Assignment:
Further down are entries; set down exactly and only the lines from the one with "Bride and groom" up to and including the one with "Roses and black", dropping each picture.

Data under study:
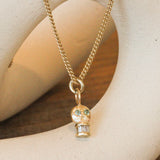 Lifestyle angled side view of Skull Charm / Sapphire Eyes by Oxbow Designs hanging over a ceramic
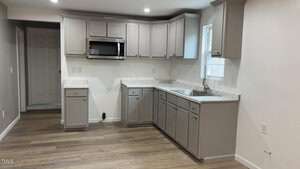 A modern kitchen with light gray cabinets, a marble countertop, and a stainless steel sink. There is a built-in microwave above the counter. The floor is wood, and there is a window above the sink letting in natural light.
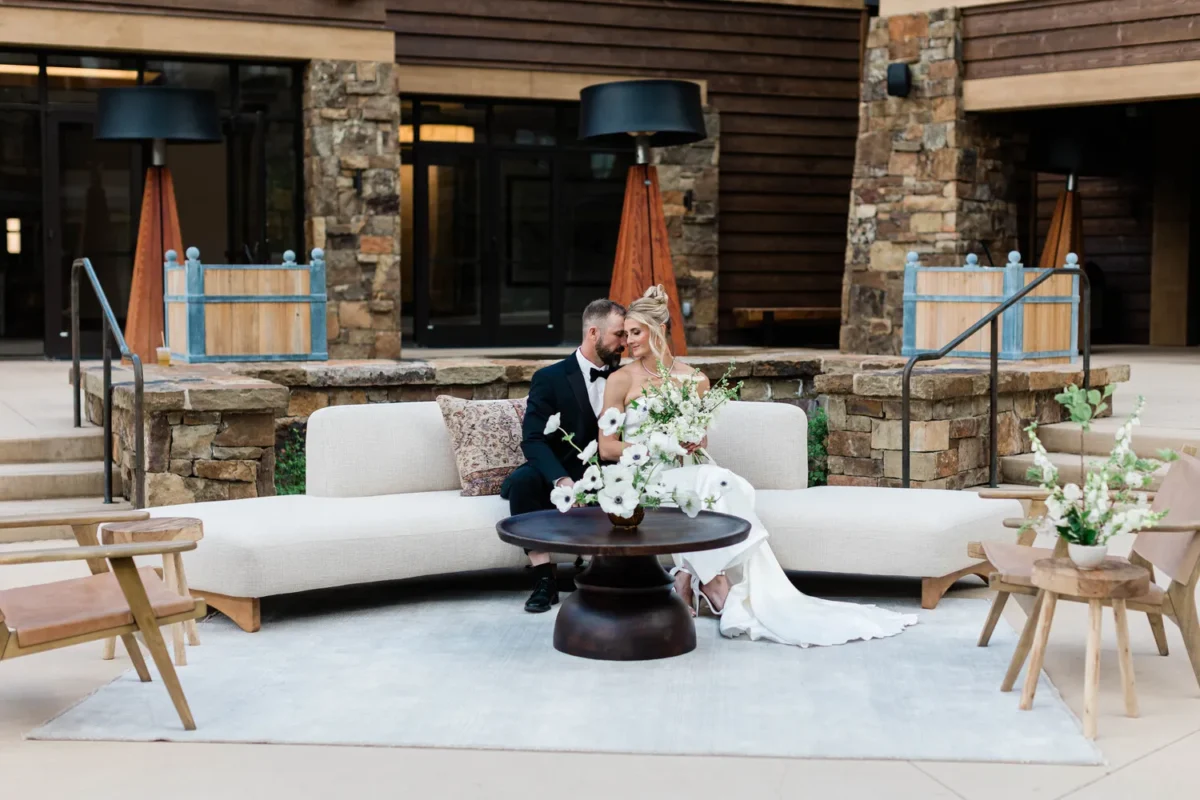 Bride and groom at a Montana wedding venue, Montage Big Sky, on a white couch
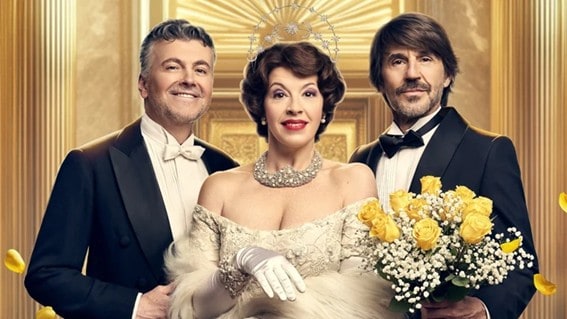 Tres personas elegantemente vestidas posan en un entorno lujoso y dorado.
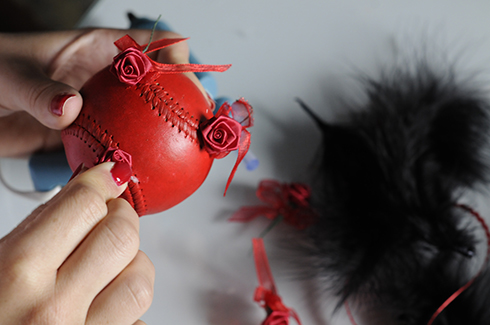 Roses and black feathers on a Valentine's Day inspired baseball art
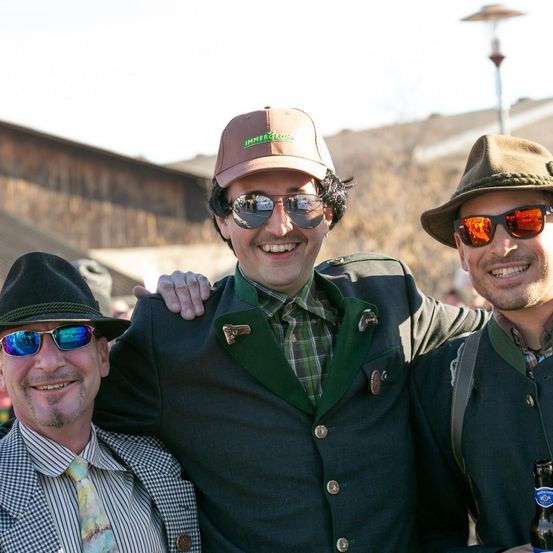 Drei Männer lächeln in traditioneller Kleidung bei einer Veranstaltung im Freien. Einer hält eine Bierflasche.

Exercise solution:
 Bride and groom at a Montana wedding venue, Montage Big Sky, on a white couch
 Tres personas elegantemente vestidas posan en un entorno lujoso y dorado.
 Roses and black feathers on a Valentine's Day inspired baseball art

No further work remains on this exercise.